The Role of Paraxis and Integrins in the Development of Nematostella vectensis

Abstract

Metazoan body plans are built from complex repertoires of specialized cells assembled into functional structures. To achieve this complexity many bilaterian embryos undergo some form of metameric segmentation, which subdivides groups of cells into discrete blocks along the major body axis. Vertebrate somitogenesis is a classic example of metameric development, wherein paraxial mesoderm is sequentially partitioned into epithelial blocks whose axial identities are assigned by differential Hox gene expression.
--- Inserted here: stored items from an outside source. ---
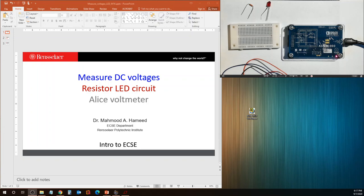In this video we will see a simple resistor LED circuit and we're going to use the ALICE voltmeter tool to measure DC voltages. We will try to measure the voltage drop across the resistor and then use Ohm's law to determine the current through the resistor. If the circuit is simple enough we can use this to compute the current through the LED as well, if we have the resistor and LED in series.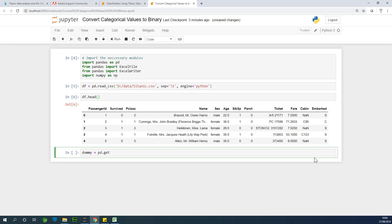So what does get dummies do? Get dummies is a function that converts categorical variables to binary. It converts categorical values to binary numbers.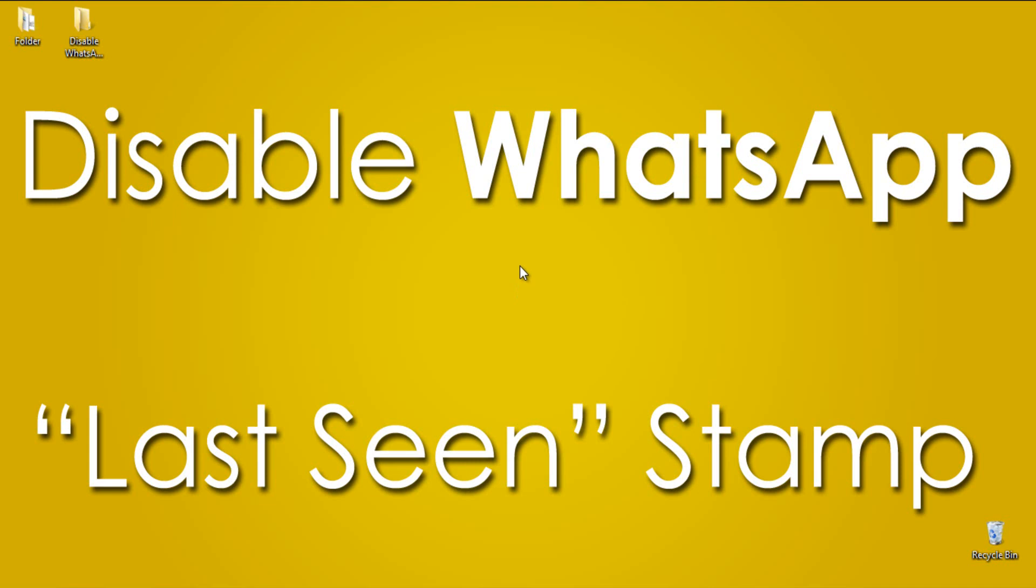Hello guys, Praveen here for TechEmpty.com. Finally we have it. The most awaited and requested feature of WhatsApp is finally here for Android users, after WhatsApp being acquired by Facebook a couple of days back.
Cnidaria, as the sister phyla to Bilateria, until recently was not thought to exhibit segmentation. Remarkably, recent work demonstrated that an ancient segmentation program uses Hox genes to subdivide endo-mesodermal cells along the directive body axis in the cnidarian subphylum Anthozoa (corals and sea anemones). This thesis investigates potentially key factors in cnidarian segment morphogenesis that also regulate vertebrate somitogenesis: the transcription factor Paraxis and the integrin family of proteins. To characterize paraxis function in the cnidarian model Nematostella, short hairpin-mediated knockdowns and CRISPR induced mutations in the paraxis ortholog were analyzed. In vertebrates, Paraxis drives somite epithelialization; however, examination of knockdowns and CRISPR-mediated mutations in Nematostella embryos did not reveal a similar role. Since integrin signaling is essential in cell-to-cell interactions and may be transcriptionally regulated by Paraxis, the integrin repertoire of Nematostella was characterized, and it was found that specific subunits were restricted to endo-mesodermal tissue, suggesting a potential role in the segmentation program. Together, these observations suggest that while a core set of conserved regulatory genes were present in the common ancestor of cnidarians and bilaterians, some sub-functionalization may have occurred in the 600 million years since their divergence.